1 February 2013
While 57 rhinos have been killed by poachers in South Africa this year, 18 suspected poachers have been arrested and three fatally wounded as the authorities step up their enforcement activities.
Forty-two rhinos were poached in the Kruger National Park, six in KwaZulu-Natal, six in North West, two in Limpopo and one in Mpumalanga province, according to the latest data released by the Department of Environmental Affairs.
The department cited the recent floods in the Kruger National Park, thick summer vegetation, two weeks of a full moon, and aggressive incursions from Mozambique as some of the factors contributing to the spike in poaching.
Despite the floods that have left large parts of the park inaccessible to vehicles and rangers on foot, the area was still being patrolled with the assistance of helicopters and fixed-wing aircraft.
Eleven of the 18 suspected poachers arrested this year were arrested in the park, while three were arrested in Limpopo province following a tip-off about their activities in Kruger, and two were arrested in North West province.

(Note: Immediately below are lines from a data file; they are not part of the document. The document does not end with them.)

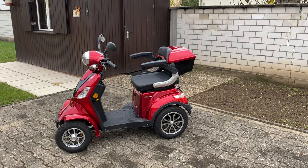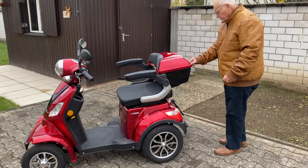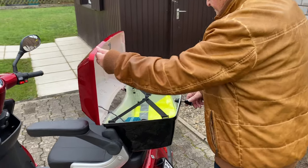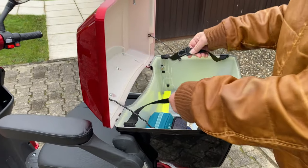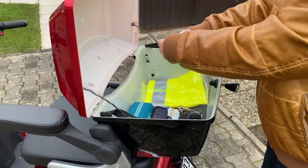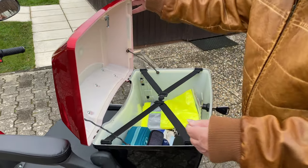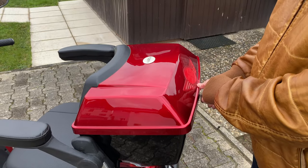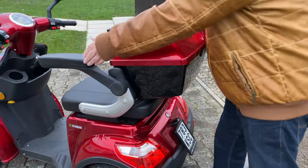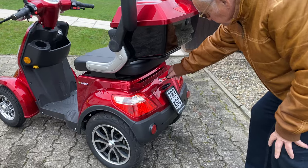Hello! In this video I would like to give you useful information about a current electric mobility scooter, also called power mobility scooter. All given information applies to Germany. At the beginning I will take you on a real ride where you will also get a feeling for the speed, and during that ride you will learn some basic details about electronics. After the ride I will show you some equipment details.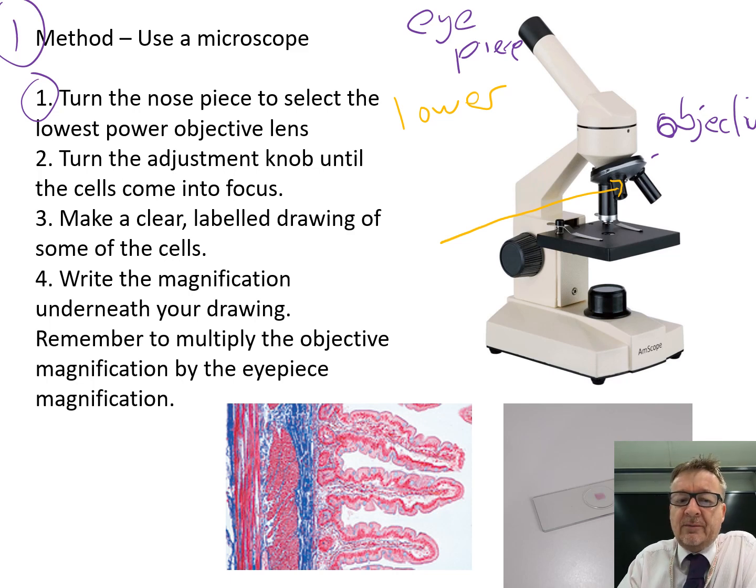Once it's on the lowest lens, turn the coarse adjustment knob until it comes into focus. Then use the fine adjustment dial to get it absolutely focused.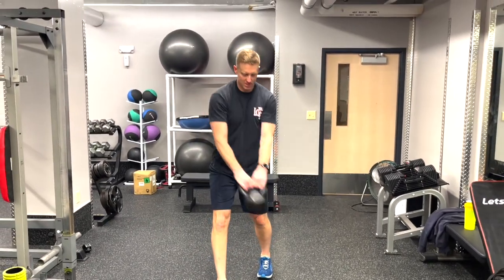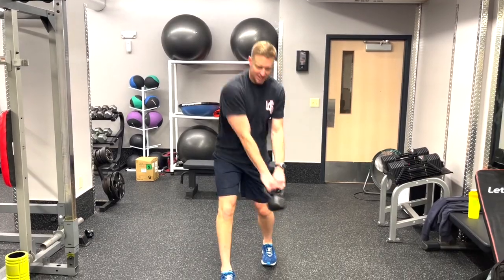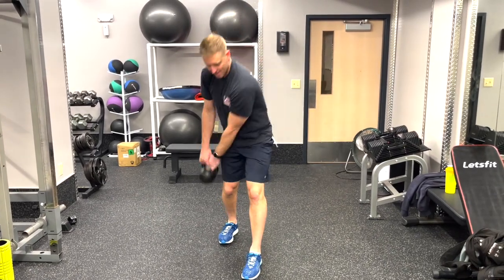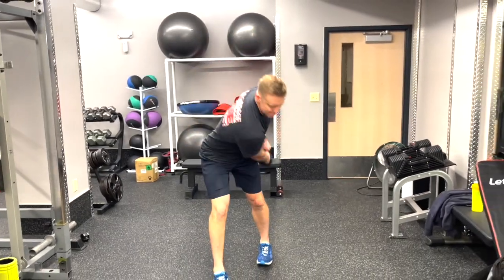For the rotational kettlebell swing, we're going to be in a staggered stance. We're going to take the kettlebell towards the back leg, loading the hip through rotation. As we are driving it forward, we are going to be popping forward with that glute in that back hip in order to generate the motion of the kettlebell.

Despite increased incursions from Mozambique, particularly in the Limpopo Transfrontier Park region in the north of the Kruger National Park, South African National Parks (SANParks) CEO David Mabunda said their anti-poaching operations were starting to yield results.
“We bled in December, but as of January 1 there has been a change in strategy from a conservation management system to greater law enforcement, and this is working,” Mabunda said. “Our operations are more militaristic. The number of poachers arrested has increased inside and outside the park.”

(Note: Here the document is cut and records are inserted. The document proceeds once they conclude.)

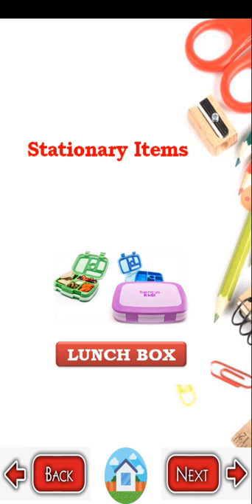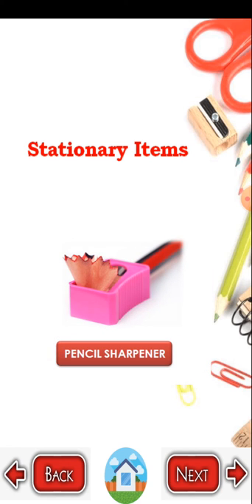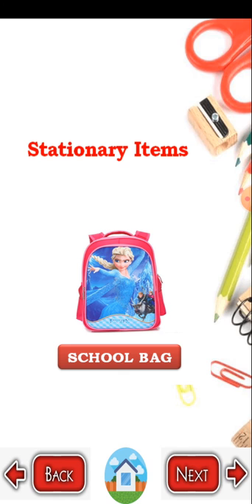Lunch box. Pencil. P-E-N-C-I-L pencil. Pencil sharpener. P-E-N-C-I-L pencil, S-H-A-R-P-E-N-E-R pencil sharpener. Ruler. R-U-L-E-R ruler. School bag. S-C-H-O-O-L school, B-A-G bag. These are the stationary items. Thank you for learning and thank you for watching this video.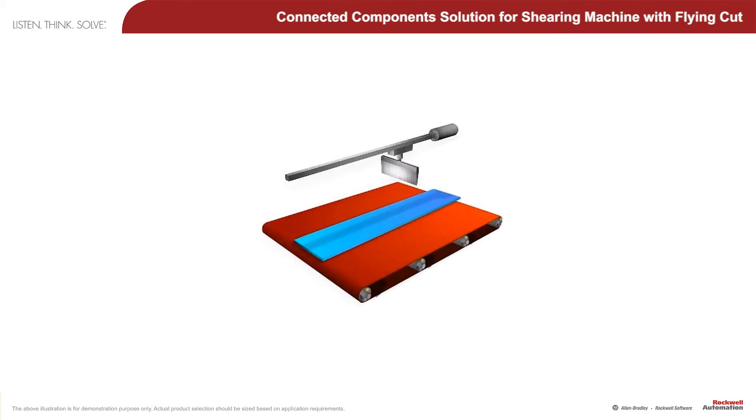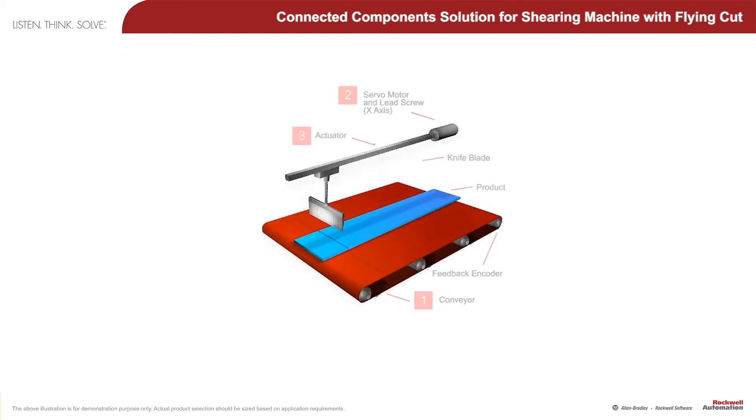This is a typical shearing application called a flying cut, where the cutting is performed continuously on the fly on product such as textiles, paper, or plastic piping.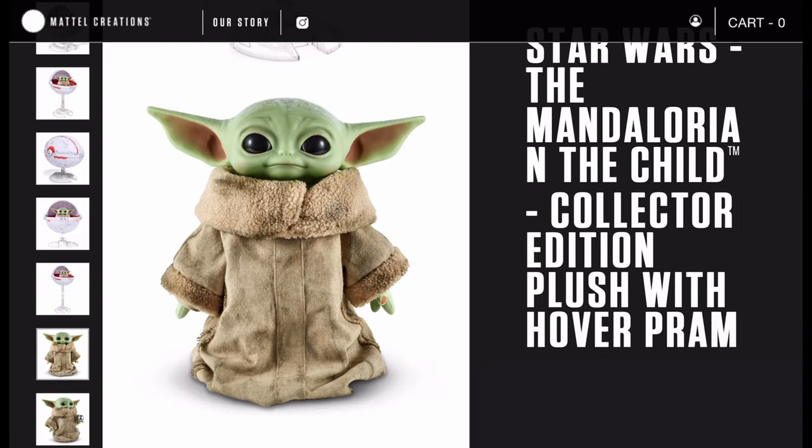This is the second Mattel plush with feet. The premium plush bundle was the first Mattel plush that actually includes feet. Body-wise, this plush is more similar to the premium plush bundle, especially with those plush hands. Mattel seems to have stopped doing vinyl hands, so now plush hands are taking over their Child or Grogu plush dolls.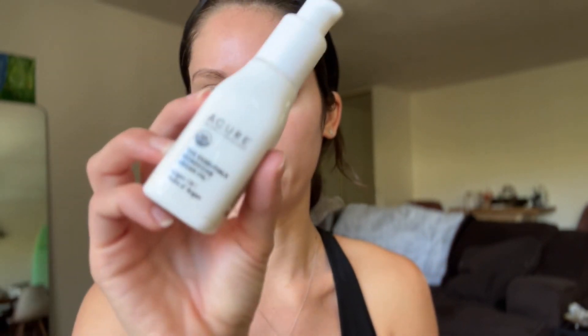First things first, we're going to throw on a little vitamin C. All right, next we are going to do a little bit of moisturizer — very simple skincare routine today. Lately I've actually really been liking adding in a little bit of argan oil to my moisturizer because this one isn't very — it's a little light for me. I like something a little more moisturizing, so there we go.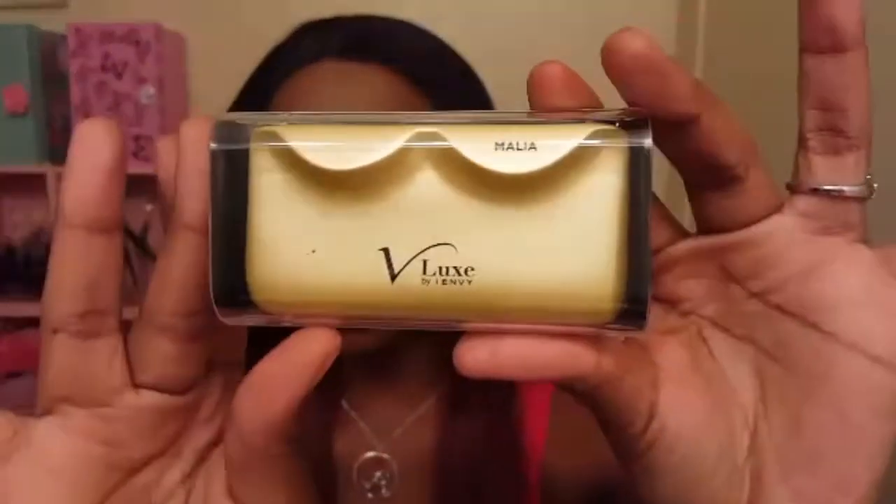They have a thin flexible band which I prefer. A lot of people don't like the clear flexible band, but I love those — that's what I started with in the first place, so that's what I'm accustomed to. I love the lash band. I also love how long and wispy they are. I will include a picture of what they look like in the package. This is what they look like on, and they are reusable if you take good care of them. Since they do have a thinner band, you have to be really careful when it comes to removing the glue.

Six suspected poachers were arrested and seven rhino horns recovered, along with heavy calibre hunting rifles, ammunition and poaching equipment, during three operations in the Kruger National Park on 18 and 19 January.
Since last Friday, a further six suspected poachers had been arrested and two fatally wounded by South African and Mozambican authorities. All were armed.
Last week, anti-poaching operatives in the Houtbosrand section of the park were involved in a shootout with two suspected poachers at the site of a freshly killed rhino.
One of the suspects was fatally wounded, while the other managed to escape back to Mozambique. A heavy calibre hunting rifle, ammunition and the rhino’s horn were recovered.
An intelligence-driven operation on same day resulted in the arrest of two more suspected rhino poachers by the Mozambican authorities inside Mozambique, adjacent to Houtbosrand.
The group was allegedly on its way to the Kruger National Park when its members were arrested. A heavy calibre rifle and ammunition were recovered.
And this Wednesday, joint forces were again involved in a shootout with armed suspected poachers in the Houtbosrand area.
One of the suspects was wounded and arrested, while his two accomplices managed to escape back to Mozambique. A heavy calibre hunting rifle and ammunition were recovered.
The Department of Environmental Affairs has congratulated SANParks’ anti-poaching units, the police and the South African National Defence Force for their recent successes.
South Africans are urged to report any information or tip-offs that they may have in relation to rhino poaching to the anonymous tip-off lines 0800 205 005, 08600 10111, or CrimeLine on 32211.